Are You Making It Easy for New Guests to Book?
“Growth is everything for hotels,” notes Skift’s just-released “Megatrends Defining Travel in 2016.” So simple and so true. Growth strategies may read differently depending on the size, brand scale, and category of hotel, but growth is essential to thriving in a market with a more diverse set of players than ever before, like private accommodations, sharing economy, and alternative lodging.
Growth for independents starts on the ground level with guests. While repeat guests are highly lucrative over their lifetime and very important in your sales and marketing strategies, it goes without saying that new guests are where the growth opportunity is. (Especially when you consider that 41% of Americans did not take a vacation day in 2015.) Capturing new business is paramount during an industry explosion mixed with uncertain global economic conditions.
Recent NAVIS data, from a review of more than 100,000 reservations from “high consideration,” independent properties, shows that:
- More than 70% of direct business came from travelers who were considered “new” (meaning that they had not been previously identified in the property CRM).
- Approximately 50% of these guests booked offline, via phone reservations.
- Of the 50% who booked online, almost half still engaged with reservations sales staff during the process.
It’s undeniable that the path to growth necessitates an optimal reservations process—both online and offline. Making it as easy as possible for new guests to book requires tackling aspects of both. However, so much attention has been directed toward online reservations (e.g., one-click booking, room selection, mobile check-in) that offline reservations have, for many properties, failed to evolve. For instance, for all the data we have on abandoned online reservations where is the same data on call abandonment due to hold time? (Stay tuned for our report on this soon!)
For hotels and vacation rental companies, exceptional guest and prospect experience management begins with knowing the traveler’s name and geography before anyone says “Hello!” It means knowing exactly which marketing campaign drove the call.
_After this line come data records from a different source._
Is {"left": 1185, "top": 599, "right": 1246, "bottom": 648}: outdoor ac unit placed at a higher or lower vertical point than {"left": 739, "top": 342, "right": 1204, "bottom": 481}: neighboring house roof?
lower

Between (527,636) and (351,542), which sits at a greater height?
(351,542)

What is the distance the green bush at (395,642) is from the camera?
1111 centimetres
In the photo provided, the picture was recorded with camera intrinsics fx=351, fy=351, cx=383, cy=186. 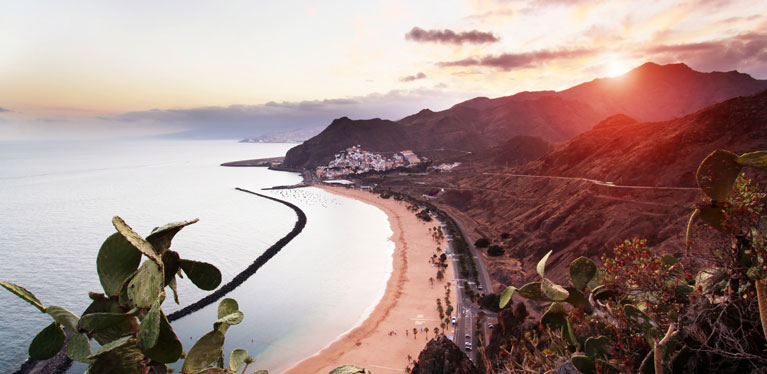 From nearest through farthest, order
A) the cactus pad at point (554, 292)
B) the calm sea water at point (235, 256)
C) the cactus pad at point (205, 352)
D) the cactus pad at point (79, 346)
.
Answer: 1. the cactus pad at point (79, 346)
2. the cactus pad at point (205, 352)
3. the cactus pad at point (554, 292)
4. the calm sea water at point (235, 256)

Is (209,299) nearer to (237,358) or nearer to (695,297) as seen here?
(237,358)

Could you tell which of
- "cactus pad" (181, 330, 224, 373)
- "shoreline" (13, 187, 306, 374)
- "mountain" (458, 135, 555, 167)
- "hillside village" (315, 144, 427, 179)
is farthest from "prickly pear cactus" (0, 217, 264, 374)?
"hillside village" (315, 144, 427, 179)

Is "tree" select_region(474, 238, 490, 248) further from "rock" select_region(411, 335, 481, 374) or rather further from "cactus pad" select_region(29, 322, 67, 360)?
"cactus pad" select_region(29, 322, 67, 360)

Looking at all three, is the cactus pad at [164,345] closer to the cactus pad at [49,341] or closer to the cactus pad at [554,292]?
the cactus pad at [49,341]

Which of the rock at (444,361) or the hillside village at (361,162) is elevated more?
the hillside village at (361,162)

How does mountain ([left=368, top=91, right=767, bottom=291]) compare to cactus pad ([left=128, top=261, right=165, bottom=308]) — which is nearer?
cactus pad ([left=128, top=261, right=165, bottom=308])

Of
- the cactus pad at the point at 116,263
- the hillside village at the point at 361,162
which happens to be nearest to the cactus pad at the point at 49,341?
the cactus pad at the point at 116,263

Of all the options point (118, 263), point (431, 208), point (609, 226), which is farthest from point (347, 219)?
point (118, 263)
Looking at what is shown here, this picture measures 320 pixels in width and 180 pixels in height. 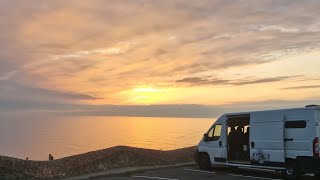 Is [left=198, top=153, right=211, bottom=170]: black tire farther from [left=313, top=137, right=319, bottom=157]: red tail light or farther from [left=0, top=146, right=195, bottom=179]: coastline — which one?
[left=313, top=137, right=319, bottom=157]: red tail light

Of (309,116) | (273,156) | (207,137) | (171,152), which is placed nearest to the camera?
(309,116)

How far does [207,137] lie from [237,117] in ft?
6.44

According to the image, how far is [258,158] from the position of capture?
693 inches

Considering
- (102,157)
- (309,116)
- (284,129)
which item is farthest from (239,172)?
(102,157)

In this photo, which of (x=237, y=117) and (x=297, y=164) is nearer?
(x=297, y=164)

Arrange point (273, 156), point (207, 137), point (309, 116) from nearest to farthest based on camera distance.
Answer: point (309, 116) → point (273, 156) → point (207, 137)

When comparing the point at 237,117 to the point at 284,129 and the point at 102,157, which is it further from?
→ the point at 102,157

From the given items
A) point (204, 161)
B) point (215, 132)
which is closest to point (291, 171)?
point (215, 132)

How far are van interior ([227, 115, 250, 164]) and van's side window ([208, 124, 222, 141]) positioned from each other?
1.38 feet

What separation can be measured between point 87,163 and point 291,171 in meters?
9.33

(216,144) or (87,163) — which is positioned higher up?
(216,144)

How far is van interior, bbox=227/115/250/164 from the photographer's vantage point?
62.5 ft

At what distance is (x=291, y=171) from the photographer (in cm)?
1647

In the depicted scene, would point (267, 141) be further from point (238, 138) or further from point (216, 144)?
point (216, 144)
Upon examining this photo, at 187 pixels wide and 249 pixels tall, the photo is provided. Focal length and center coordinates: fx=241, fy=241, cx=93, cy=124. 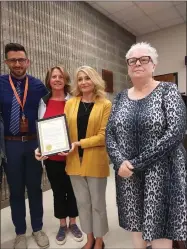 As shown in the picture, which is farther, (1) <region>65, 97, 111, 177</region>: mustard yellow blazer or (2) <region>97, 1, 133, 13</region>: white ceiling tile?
(2) <region>97, 1, 133, 13</region>: white ceiling tile

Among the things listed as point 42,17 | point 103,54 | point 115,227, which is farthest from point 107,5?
point 115,227

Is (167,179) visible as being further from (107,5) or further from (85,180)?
(107,5)

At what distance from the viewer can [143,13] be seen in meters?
5.60

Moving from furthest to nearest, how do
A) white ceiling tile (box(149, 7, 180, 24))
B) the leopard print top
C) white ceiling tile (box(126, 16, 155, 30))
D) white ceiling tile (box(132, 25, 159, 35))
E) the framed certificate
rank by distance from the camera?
white ceiling tile (box(132, 25, 159, 35)), white ceiling tile (box(126, 16, 155, 30)), white ceiling tile (box(149, 7, 180, 24)), the framed certificate, the leopard print top

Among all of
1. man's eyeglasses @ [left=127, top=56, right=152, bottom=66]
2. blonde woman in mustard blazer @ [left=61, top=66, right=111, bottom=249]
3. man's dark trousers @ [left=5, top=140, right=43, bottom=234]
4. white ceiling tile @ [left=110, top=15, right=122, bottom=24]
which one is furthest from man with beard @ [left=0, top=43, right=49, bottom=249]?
white ceiling tile @ [left=110, top=15, right=122, bottom=24]

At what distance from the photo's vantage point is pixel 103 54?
557 centimetres

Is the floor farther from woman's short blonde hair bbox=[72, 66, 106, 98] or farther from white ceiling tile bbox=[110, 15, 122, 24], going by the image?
white ceiling tile bbox=[110, 15, 122, 24]

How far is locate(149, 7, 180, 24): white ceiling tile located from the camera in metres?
5.56

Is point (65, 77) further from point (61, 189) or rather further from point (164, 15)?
point (164, 15)

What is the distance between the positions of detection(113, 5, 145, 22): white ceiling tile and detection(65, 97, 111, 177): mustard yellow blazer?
4.22 m

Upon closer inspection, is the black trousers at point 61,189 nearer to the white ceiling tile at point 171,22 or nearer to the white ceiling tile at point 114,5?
the white ceiling tile at point 114,5

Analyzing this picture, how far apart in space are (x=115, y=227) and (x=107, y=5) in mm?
4447

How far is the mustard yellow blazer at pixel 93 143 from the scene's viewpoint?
1.86 m

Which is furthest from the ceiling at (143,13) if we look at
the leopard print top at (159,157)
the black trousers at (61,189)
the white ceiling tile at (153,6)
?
the leopard print top at (159,157) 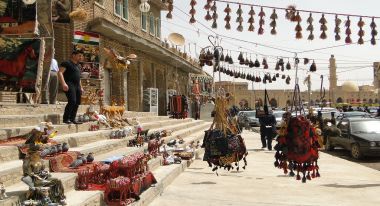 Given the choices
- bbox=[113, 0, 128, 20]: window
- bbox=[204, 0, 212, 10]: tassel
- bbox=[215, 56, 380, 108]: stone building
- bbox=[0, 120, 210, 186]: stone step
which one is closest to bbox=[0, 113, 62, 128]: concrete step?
bbox=[0, 120, 210, 186]: stone step

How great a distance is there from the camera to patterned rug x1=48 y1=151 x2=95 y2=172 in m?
6.25

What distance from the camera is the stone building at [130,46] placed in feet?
54.3

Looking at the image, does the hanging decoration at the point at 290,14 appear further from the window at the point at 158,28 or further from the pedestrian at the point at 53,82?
the window at the point at 158,28

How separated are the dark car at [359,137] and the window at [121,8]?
11.0 m

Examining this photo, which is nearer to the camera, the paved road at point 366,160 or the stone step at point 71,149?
the stone step at point 71,149

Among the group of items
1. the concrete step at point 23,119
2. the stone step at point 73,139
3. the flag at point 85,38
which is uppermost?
the flag at point 85,38

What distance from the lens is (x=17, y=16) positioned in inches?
291

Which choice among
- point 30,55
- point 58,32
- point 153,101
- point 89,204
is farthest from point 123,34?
point 89,204

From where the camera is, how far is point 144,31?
83.0 ft

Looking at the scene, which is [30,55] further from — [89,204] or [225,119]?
[225,119]

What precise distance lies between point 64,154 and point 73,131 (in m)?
2.59

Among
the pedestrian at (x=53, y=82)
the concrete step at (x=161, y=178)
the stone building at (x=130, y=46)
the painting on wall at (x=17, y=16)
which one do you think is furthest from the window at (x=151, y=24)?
the painting on wall at (x=17, y=16)

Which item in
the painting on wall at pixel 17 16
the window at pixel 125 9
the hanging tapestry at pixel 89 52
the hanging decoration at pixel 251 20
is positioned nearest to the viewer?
the painting on wall at pixel 17 16

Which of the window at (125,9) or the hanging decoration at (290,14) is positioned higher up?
the window at (125,9) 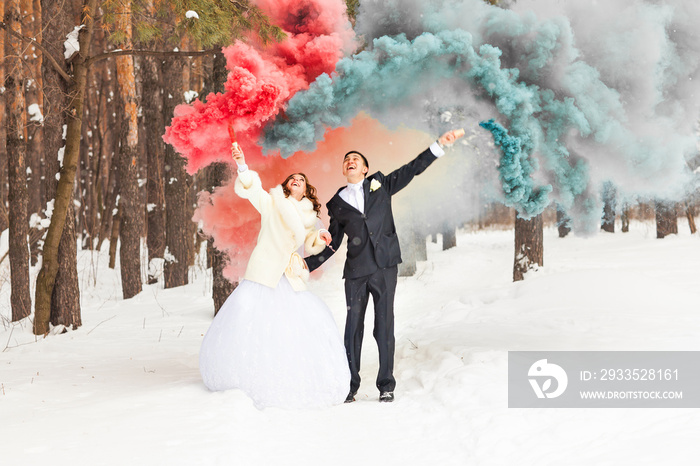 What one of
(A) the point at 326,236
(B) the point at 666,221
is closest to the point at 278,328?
(A) the point at 326,236

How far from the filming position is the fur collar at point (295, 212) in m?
4.63

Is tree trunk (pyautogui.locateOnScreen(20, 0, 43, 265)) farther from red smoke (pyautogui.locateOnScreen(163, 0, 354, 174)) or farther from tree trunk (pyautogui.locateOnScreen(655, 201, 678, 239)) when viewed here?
tree trunk (pyautogui.locateOnScreen(655, 201, 678, 239))

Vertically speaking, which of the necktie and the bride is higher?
the necktie

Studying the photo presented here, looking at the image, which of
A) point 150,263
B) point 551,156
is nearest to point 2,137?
point 150,263

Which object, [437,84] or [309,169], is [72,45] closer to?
[309,169]

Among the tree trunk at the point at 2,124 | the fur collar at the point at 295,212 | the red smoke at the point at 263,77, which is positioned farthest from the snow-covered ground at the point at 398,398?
the tree trunk at the point at 2,124

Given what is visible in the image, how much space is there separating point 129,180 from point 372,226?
780 centimetres

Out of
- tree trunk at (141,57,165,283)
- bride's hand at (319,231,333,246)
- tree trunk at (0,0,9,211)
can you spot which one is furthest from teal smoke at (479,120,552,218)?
tree trunk at (141,57,165,283)

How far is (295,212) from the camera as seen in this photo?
464cm

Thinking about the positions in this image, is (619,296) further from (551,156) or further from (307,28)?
(307,28)

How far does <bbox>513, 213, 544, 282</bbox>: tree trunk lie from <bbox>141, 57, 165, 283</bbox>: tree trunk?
7.11 metres

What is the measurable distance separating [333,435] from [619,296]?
5.07 metres

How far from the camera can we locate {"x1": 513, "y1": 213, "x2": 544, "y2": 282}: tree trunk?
427 inches

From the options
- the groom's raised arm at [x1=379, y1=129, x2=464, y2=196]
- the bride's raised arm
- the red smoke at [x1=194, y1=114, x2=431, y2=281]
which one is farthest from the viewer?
the red smoke at [x1=194, y1=114, x2=431, y2=281] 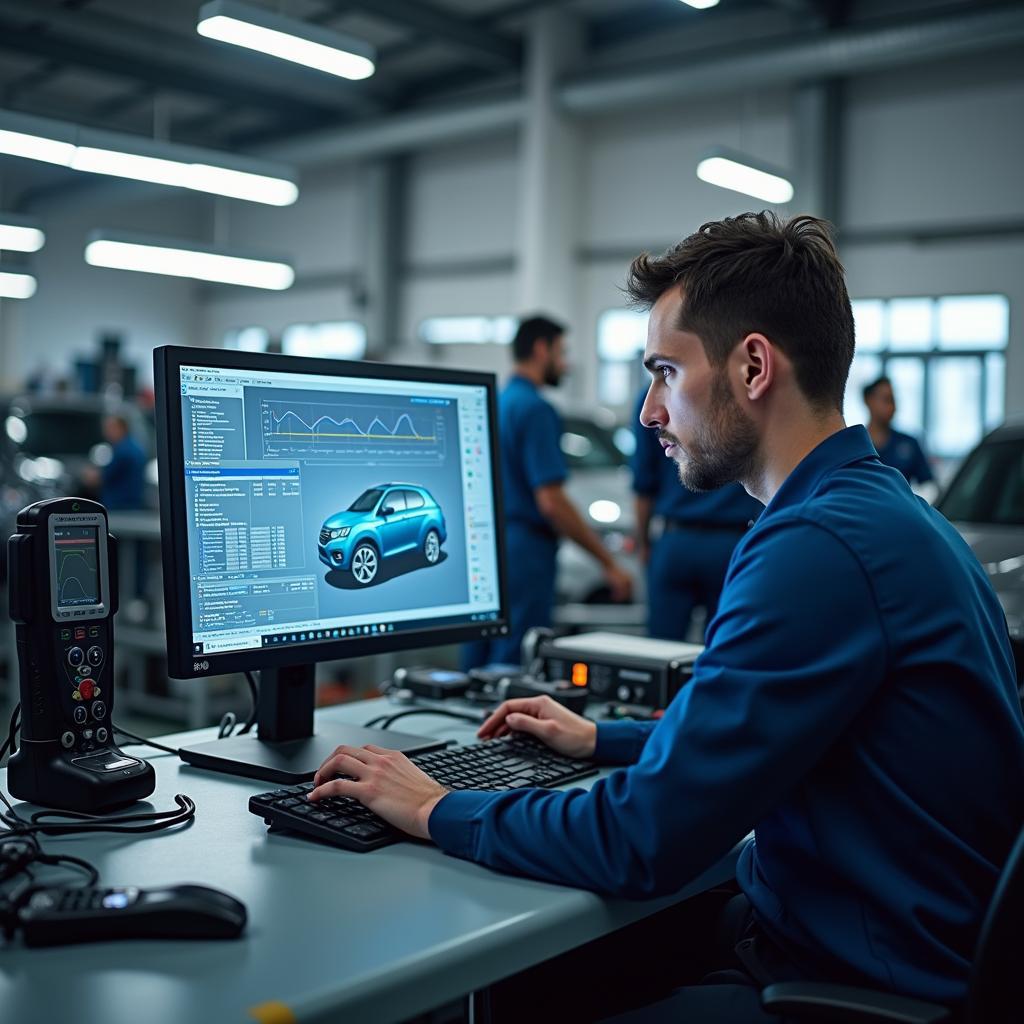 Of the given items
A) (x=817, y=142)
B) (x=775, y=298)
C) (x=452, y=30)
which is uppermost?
(x=452, y=30)

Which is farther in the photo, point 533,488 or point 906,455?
point 906,455

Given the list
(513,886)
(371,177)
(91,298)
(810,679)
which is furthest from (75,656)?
(91,298)

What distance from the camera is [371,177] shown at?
13.6 meters

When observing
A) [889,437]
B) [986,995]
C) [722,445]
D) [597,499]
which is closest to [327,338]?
[597,499]

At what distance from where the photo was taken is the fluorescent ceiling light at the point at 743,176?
742 cm

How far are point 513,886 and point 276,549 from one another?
596 millimetres

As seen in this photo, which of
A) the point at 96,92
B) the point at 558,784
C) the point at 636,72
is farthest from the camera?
the point at 96,92

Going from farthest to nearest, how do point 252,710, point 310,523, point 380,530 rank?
1. point 252,710
2. point 380,530
3. point 310,523

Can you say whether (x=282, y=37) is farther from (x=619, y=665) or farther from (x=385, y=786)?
(x=385, y=786)

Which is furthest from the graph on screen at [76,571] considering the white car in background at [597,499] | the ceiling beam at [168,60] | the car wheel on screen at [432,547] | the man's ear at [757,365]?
the ceiling beam at [168,60]

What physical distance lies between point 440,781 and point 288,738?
36cm

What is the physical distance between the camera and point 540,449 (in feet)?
13.8

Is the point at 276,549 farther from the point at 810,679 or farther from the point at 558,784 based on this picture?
the point at 810,679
It means, especially for high consideration stays, ensuring that when a guest calls back the second, third, or fifth time, an agent can answer, “Hello, Margaret. I see that you spoke with Brad yesterday about a family visit in March. How can I help you?” It means planning for peak and overflow to avoid hold times. A hold time longer than 30 seconds has a substantial effect on conversion levels and abandonment (not to mention that it is unacceptable in the guest’s mind). It means agent training, performance metrics, and regular coaching.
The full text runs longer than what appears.